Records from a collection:

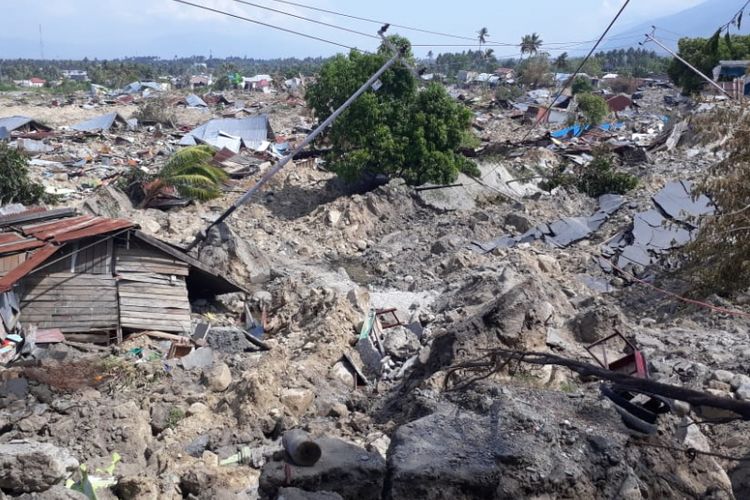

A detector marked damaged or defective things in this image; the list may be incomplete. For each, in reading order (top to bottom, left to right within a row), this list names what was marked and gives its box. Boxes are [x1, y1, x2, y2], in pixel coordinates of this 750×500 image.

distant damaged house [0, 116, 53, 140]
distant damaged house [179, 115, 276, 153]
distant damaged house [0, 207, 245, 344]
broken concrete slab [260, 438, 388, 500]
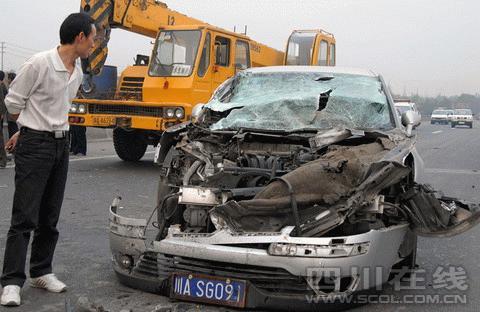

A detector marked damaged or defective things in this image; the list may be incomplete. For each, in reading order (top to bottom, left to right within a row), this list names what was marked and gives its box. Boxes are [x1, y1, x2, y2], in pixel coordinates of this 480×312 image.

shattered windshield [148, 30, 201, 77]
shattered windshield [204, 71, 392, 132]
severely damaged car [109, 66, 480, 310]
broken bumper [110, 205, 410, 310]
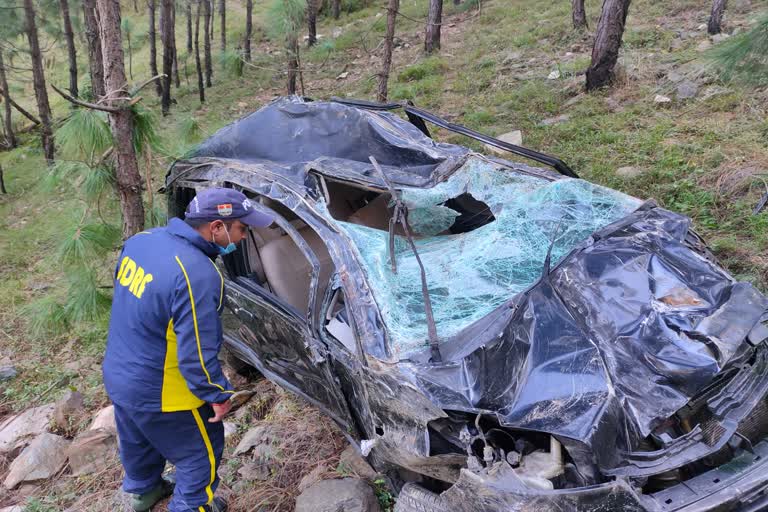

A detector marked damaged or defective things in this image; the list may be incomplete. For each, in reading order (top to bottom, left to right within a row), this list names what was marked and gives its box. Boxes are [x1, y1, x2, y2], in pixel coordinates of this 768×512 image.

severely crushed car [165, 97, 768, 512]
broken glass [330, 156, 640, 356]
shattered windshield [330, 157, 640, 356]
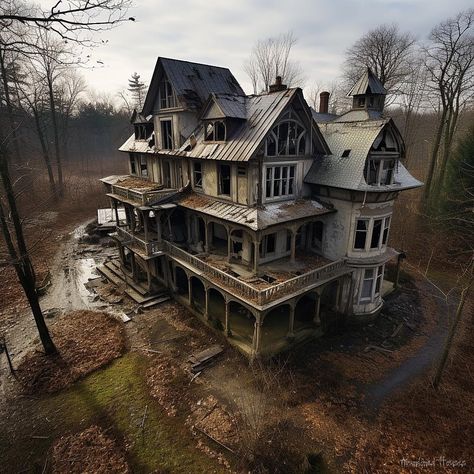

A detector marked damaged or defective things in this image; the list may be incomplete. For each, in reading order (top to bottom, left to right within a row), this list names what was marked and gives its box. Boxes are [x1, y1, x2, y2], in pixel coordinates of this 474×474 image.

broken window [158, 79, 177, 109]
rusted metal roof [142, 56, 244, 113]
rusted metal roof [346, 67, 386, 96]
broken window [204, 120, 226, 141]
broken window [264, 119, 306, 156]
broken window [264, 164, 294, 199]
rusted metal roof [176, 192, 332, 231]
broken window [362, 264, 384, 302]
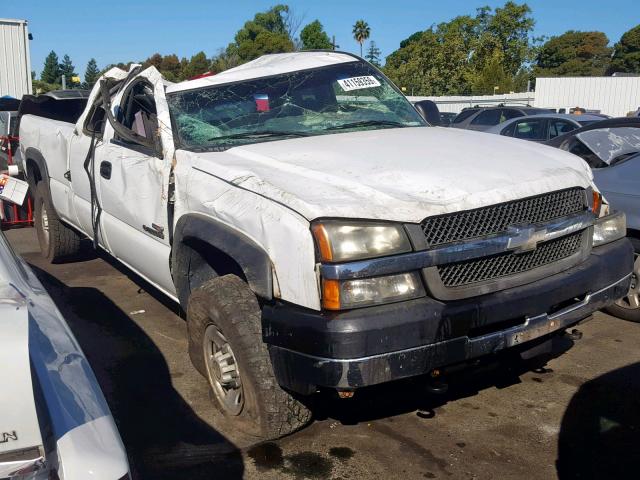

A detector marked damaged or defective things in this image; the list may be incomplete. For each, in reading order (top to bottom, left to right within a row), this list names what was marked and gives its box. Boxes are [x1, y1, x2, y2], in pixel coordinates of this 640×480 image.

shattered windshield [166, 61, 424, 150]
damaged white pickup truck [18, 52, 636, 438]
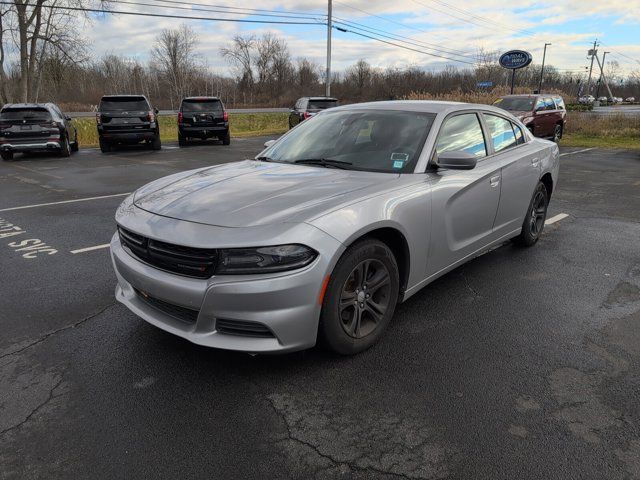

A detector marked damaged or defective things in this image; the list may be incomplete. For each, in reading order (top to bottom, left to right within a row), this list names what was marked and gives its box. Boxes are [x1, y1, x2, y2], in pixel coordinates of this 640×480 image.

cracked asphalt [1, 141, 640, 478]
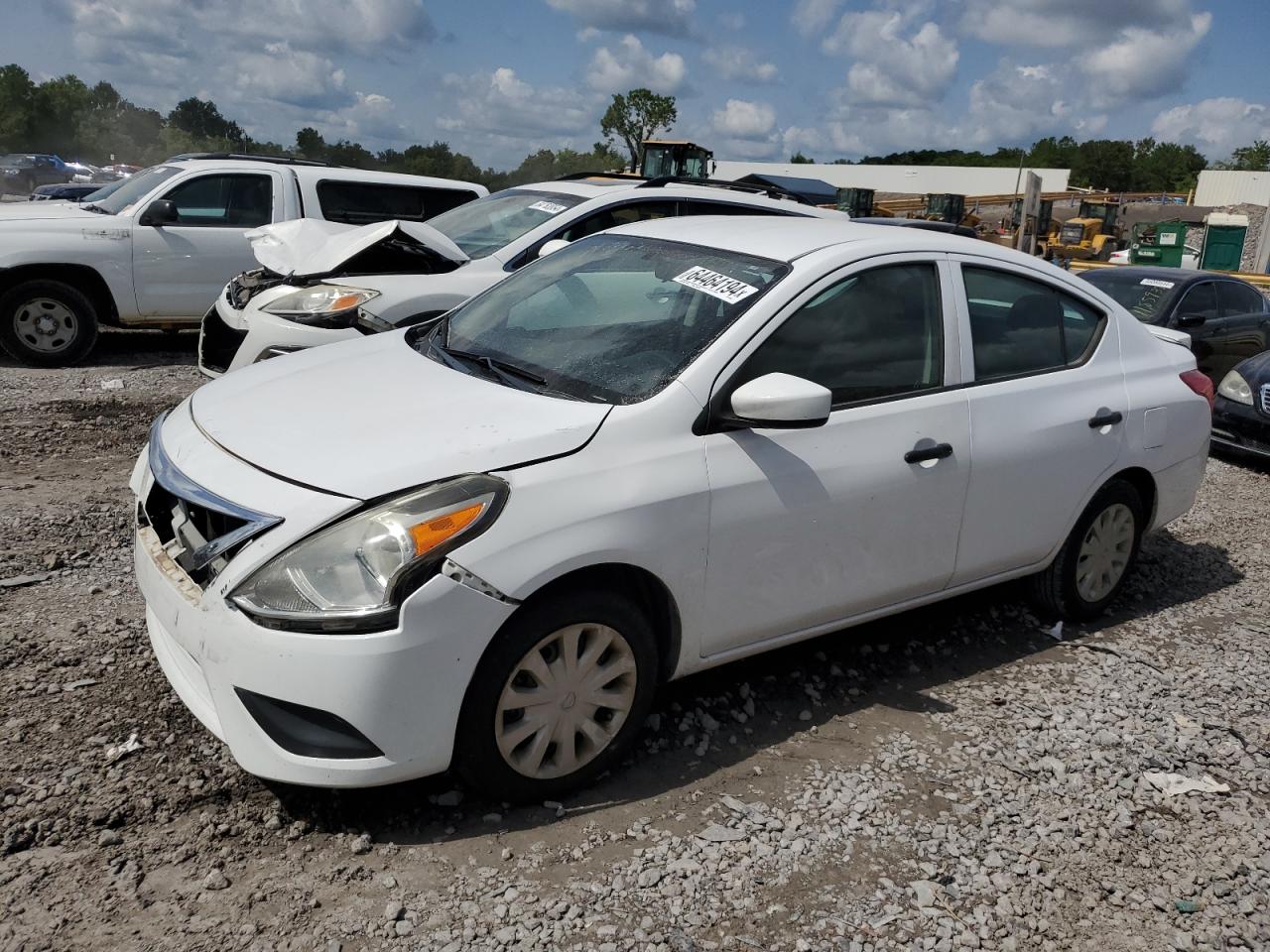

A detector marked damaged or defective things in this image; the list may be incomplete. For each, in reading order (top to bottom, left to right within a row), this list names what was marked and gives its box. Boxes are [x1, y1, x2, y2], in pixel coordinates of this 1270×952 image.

...

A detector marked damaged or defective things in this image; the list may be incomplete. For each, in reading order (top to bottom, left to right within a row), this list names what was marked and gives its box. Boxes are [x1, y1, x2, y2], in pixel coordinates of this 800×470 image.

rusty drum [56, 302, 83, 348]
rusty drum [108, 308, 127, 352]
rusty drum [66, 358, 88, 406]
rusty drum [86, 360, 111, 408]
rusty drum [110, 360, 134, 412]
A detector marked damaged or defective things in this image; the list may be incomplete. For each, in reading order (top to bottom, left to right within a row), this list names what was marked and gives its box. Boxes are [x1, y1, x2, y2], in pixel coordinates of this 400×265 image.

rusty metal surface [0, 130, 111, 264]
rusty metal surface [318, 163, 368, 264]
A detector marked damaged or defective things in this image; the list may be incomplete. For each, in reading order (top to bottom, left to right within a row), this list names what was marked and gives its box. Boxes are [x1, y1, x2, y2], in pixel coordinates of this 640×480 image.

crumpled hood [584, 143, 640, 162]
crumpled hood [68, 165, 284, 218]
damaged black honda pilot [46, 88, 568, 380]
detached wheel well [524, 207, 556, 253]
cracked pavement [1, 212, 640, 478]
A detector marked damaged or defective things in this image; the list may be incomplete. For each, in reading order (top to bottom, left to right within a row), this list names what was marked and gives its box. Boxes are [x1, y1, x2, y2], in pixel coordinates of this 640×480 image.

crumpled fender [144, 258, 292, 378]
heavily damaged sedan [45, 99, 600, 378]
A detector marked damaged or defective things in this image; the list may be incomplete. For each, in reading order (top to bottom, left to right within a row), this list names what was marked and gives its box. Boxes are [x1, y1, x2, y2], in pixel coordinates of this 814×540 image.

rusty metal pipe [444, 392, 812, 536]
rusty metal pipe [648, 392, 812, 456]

* **ACTION ITEM**
Your copy should hold the lines from the one with "this 474×474 image." up to and including the one with "this 1270×952 image.", exactly as in the data above, and no pictures.

* **ANSWER SECTION**
A detector marked damaged or defective things in this image; the list may be incomplete. For each, in reading order (top to bottom, left to right within a row), this list names what was marked and gives its box. Boxes are [x1, y1, x2, y2], in pixel coordinates of this 474×474 image.

broken window [158, 79, 177, 109]
rusted metal roof [142, 56, 244, 113]
rusted metal roof [346, 67, 386, 96]
broken window [204, 120, 226, 141]
broken window [264, 119, 306, 156]
broken window [264, 164, 294, 199]
rusted metal roof [176, 192, 332, 231]
broken window [362, 264, 384, 302]

A detector marked damaged or defective things in this image; the list may be incomplete. For each, in reading order (top to bottom, left to right within a row), this list names what was marked and gives its box. Boxes are [x1, y1, x2, y2], in pixel coordinates of this 640×480 image.

shattered windshield [166, 61, 424, 150]
damaged white pickup truck [18, 52, 636, 438]

A detector marked damaged or defective things in this image; the list may be incomplete. For each, in reading order (top to bottom, left to right within a row), this list names what was marked and gives its box. Boxes are [x1, y1, x2, y2], in pixel coordinates of this 640×480 image.

cracked asphalt [1, 141, 640, 478]

A detector marked damaged or defective things in this image; the list may be incomplete. For each, in reading order (top to bottom, left to right within a row), this list names what was marked and gives its box. Boxes are [x1, y1, x2, y2], in pixel coordinates of this 1270×952 image.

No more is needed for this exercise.